14 August 2020
The High Court of Australia has provided welcome clarity on the meaning of ‘10 days’ personal leave and the correct method for calculating that entitlement. This aligns with the widely accepted method of accruing and deducting the 10 days according to ordinary hours of work, and standardises the calculation of personal leave for an employee as 1/26th of the employee’s ordinary hours each year, irrespective of shift patterns or part-time arrangements.
On 13 August 2020 the High Court handed down its decision in Mondelez Australia Pty Ltd v Automotive, Food, Metals, Engineering, Printing and Kindred Industries Union Known as the Australian Manufacturing Workers Union (AMWU) [2020] HCA 29.
By a 4:1 majority it reversed the earlier decision of the Full Court of the Federal Court and, in doing so, provided much-needed clarification as to what is meant by ‘a day’ in section 96 of the Fair Work Act 2009 (Cth) (FW Act) for the purpose of calculating employee entitlements to paid personal/carer’s leave (personal leave).
The Court held that one ’day’ refers to a notional day consisting of one-tenth of the equivalent of an employee's ordinary hours of work in a two-week period.
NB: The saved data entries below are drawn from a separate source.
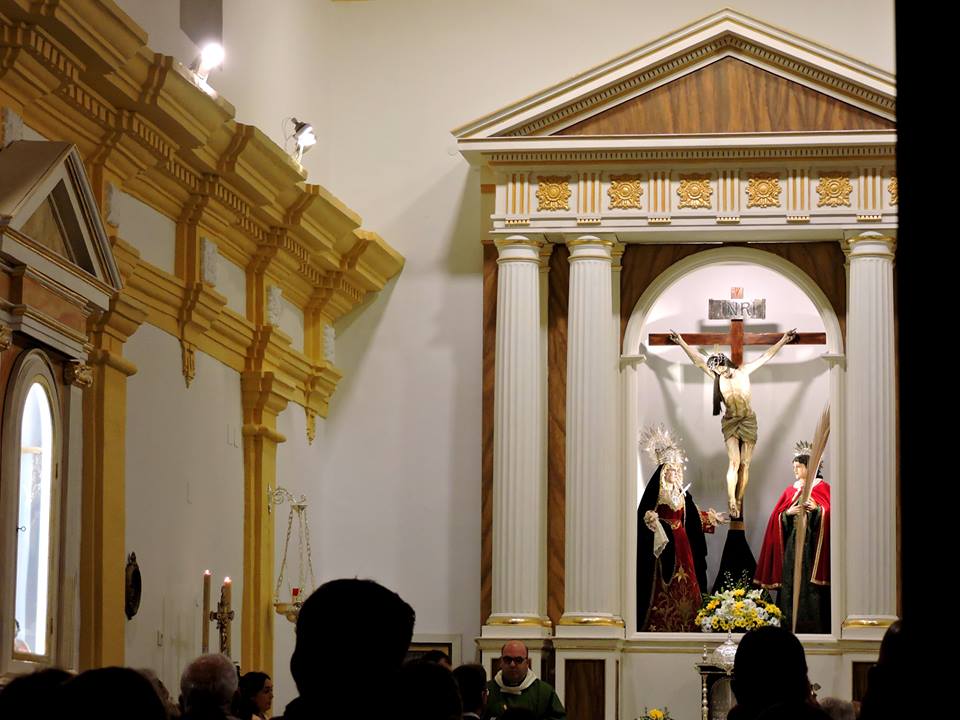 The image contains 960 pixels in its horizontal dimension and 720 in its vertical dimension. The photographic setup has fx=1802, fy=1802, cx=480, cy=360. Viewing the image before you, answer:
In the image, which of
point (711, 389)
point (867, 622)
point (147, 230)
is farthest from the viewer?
point (711, 389)

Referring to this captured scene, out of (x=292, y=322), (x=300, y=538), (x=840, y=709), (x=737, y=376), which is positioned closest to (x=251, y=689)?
(x=840, y=709)

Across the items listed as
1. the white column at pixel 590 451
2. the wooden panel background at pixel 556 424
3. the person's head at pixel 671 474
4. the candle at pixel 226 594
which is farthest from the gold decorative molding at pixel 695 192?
the candle at pixel 226 594

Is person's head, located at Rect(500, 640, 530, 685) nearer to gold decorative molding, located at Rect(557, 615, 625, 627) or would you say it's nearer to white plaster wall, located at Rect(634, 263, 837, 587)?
gold decorative molding, located at Rect(557, 615, 625, 627)

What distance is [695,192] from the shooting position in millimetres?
17281

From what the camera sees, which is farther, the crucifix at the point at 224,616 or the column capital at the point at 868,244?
the column capital at the point at 868,244

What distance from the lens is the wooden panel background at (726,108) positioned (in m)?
17.2

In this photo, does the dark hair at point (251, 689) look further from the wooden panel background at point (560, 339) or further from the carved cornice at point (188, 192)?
the wooden panel background at point (560, 339)

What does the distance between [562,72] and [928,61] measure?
16.5 meters

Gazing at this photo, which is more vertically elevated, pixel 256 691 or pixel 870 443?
pixel 870 443

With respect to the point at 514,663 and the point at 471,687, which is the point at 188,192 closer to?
the point at 514,663

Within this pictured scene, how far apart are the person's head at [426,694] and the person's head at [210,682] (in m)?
2.71

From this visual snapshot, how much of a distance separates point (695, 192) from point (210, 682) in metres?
11.0

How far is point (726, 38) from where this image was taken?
17.2 meters

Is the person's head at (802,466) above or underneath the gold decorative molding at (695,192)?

An employee’s entitlement to ’10 days of paid personal leave’, regardless of their roster arrangement, is therefore to be calculated and paid at the rate of 1/26 of that employee’s ordinary hours of work in a year.
A necessary consequence of this interpretation is that some employees who work their ordinary hours on a compressed roster (e.g. a nine day fortnight) may exhaust their entitlement to ‘10 days’ of personal leave in a year before they can take ten separate calendar days of leave without loss of pay, and that part time employees will receive personal leave on a pro-rata basis.
In arriving at this conclusion, the High Court overturned a majority decision of the Full Court of the Federal Court just under a year ago which determined that an employee’s entitlement to 10 days of personal leave in the FW Act is an entitlement to be paid for 10 separate 24 hour periods, where the employee is not able to attend for scheduled work because they are ill, injured or face an unexpected emergency.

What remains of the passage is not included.